_TASK REQUIREMENTS_. From the line containing "Грузоблочный тренажер для" through the last line of the material, copy every line exactly, both ends inclusive; do not copy pictures.

_DATA SEGMENT_.

#####

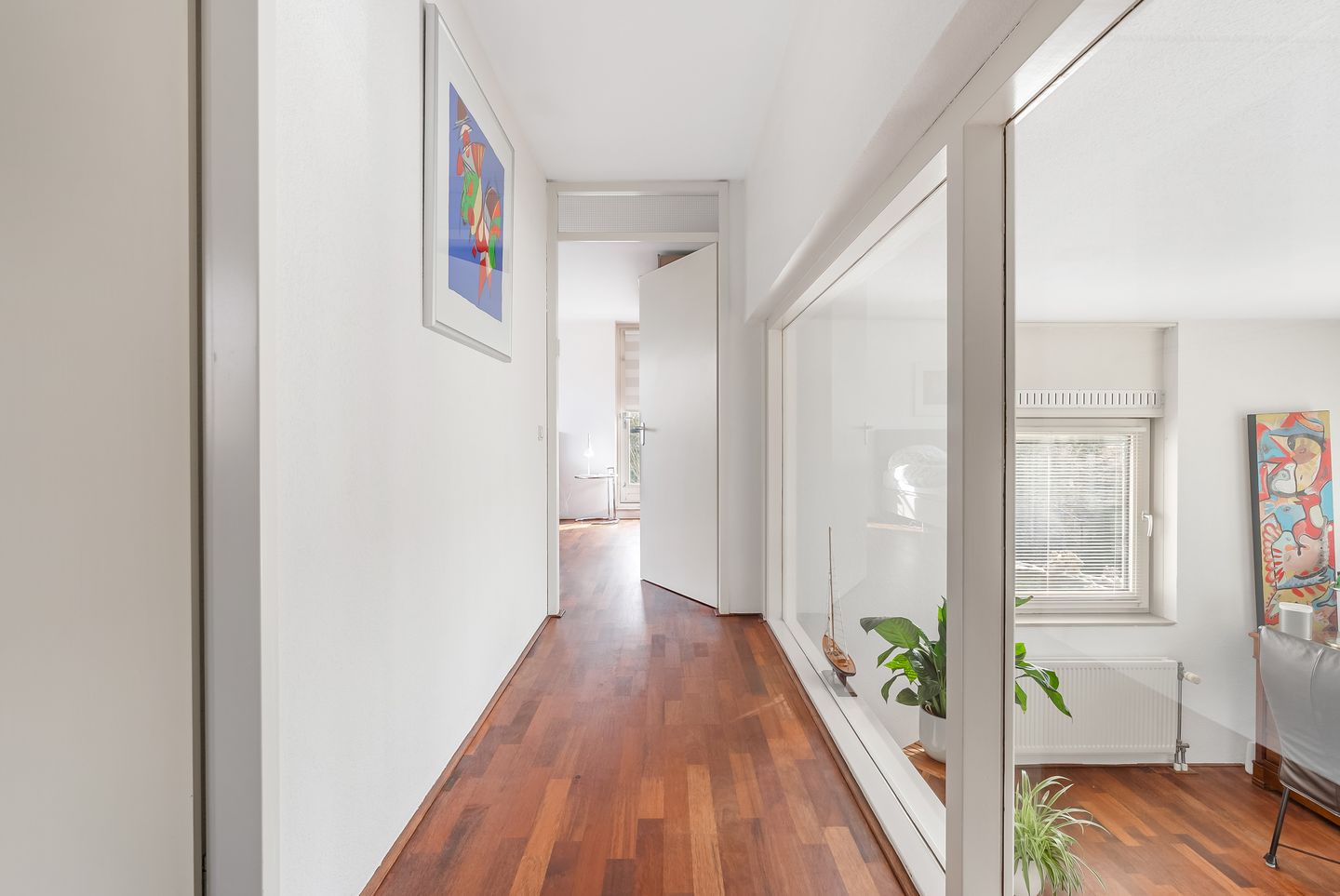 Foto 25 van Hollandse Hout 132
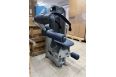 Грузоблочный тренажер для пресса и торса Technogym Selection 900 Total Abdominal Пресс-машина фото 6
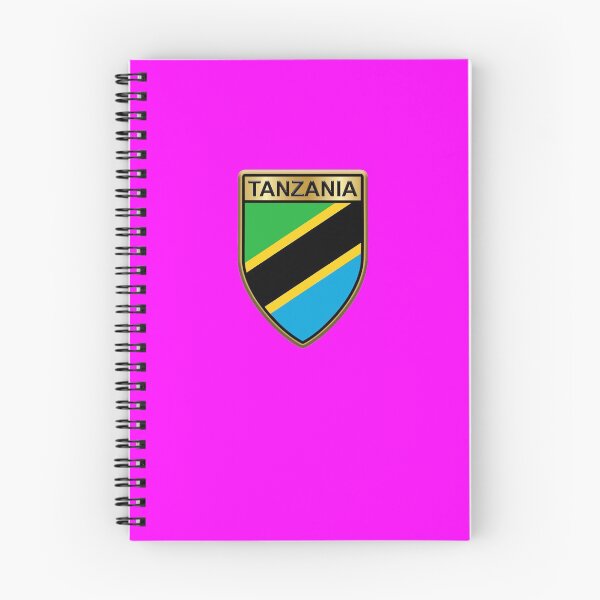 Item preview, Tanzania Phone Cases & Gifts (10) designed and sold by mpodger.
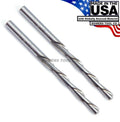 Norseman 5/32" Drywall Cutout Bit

#####

_COMPLETED TASK_.
 Грузоблочный тренажер для пресса и торса Technogym Selection 900 Total Abdominal Пресс-машина фото 6
 Item preview, Tanzania Phone Cases & Gifts (10) designed and sold by mpodger.
 Norseman 5/32" Drywall Cutout Bit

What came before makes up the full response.